Stent deployment (5.0/18 mm Herculink) at right coronary artery ostium using JR4 guide catheter from right radial access.

Final result after transradial intervention.
Discussion
Despite major advances in PCI, basic necessities such as co-axial and strong guide-catheter support remain the foundation for success. Transfemoral access still remains the most common access for PCI in the U.S. Multiple catheter shapes have been developed to accommodate anatomic variations, but on occasion none of these catheters allow for one to engage the target vessel. Multiple factors play a role in making the anatomy insurmountable. Anomalous aorto-ostial anatomy is the most common scenario for difficult target vessel access.1–4 Choosing a suitable guide catheter based on location of anomalous origin and aortic root size, frequently allows the operator to access these anomalous or variant ostia.5,6 Certain dedicated guide catheter shapes are also available for this purpose. 7 Catheter manipulation with specific maneuvers has been successful in certain situations. 8 Right radial approach has been described to be successful in accessing anomalous left sinus of valsalva origin right coronary artery. 9
Infrequently, the unfolding of the ascending aorta, aortic arch as well as descending thoracic aorta and iliac vessels, prohibits the catheter engagement of a non-anomalous coronary ostium. We have encountered this problem more frequently using transfemoral approach, and have noticed a surprising lack of these situations using transradial approach. One reason for this difference is the absence of the influence of aorto-iliac anatomy on the behavior of the coronary guiding catheter in the ascending aorta. By traversing a shorter segment of aorta, using TRI, the effects of the distal anatomy on proximal catheter behavior are decreased. This is especially noticeable in right coronary interventions. The right coronary catheters when placed from right radial access, provide superior back-up support, as opposed to the support provided by the same catheter from femoral approach, in view of the fact that transradial placement allows for these catheters to obtain added support from the contralateral aortic wall, similar to the behavior of the extra-backup series guide catheters for the left coronary artery.

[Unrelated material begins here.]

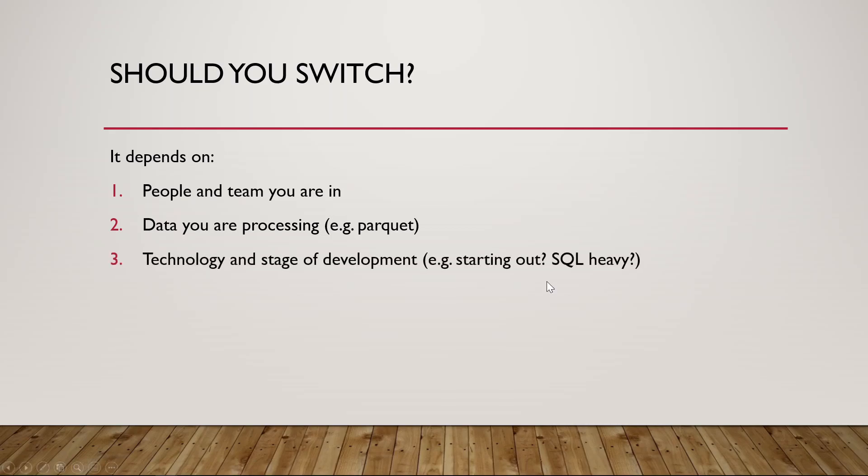Lastly though, it also depends on the technology, meaning that the platform that you build and where that is in the development stage. Is that already been productionized? Is it in live environment or are you actually starting from scratch? If you're starting out from scratch, then yeah, by all means, why not use this or try explore this new technology?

As PCI is now performed on a wider variety of patients with more elderly in the population undergoing PCI, encountering these procedural situations has become more frequent. TRI from right radial access offers a completely different geometric approach to the ascending aorta, and hence provides an option that femoral approach or catheter shape variation, does not allow for. TRI from the left radial artery mimics the transfemoral geometry. Hence for guide-catheter placement one could argue that transradial approach is certainly offering the benefits of transfemoral approach if left radial artery is used and a different orientation to the aorto-ostial junction if the right radial artery is used. We recommend switching to transradial approach when femoral approach does not succeed in engaging the target coronary artery. In order to successfully offer PCI to all subsets of patients, the interventionalist will need to be able to perform transradial intervention.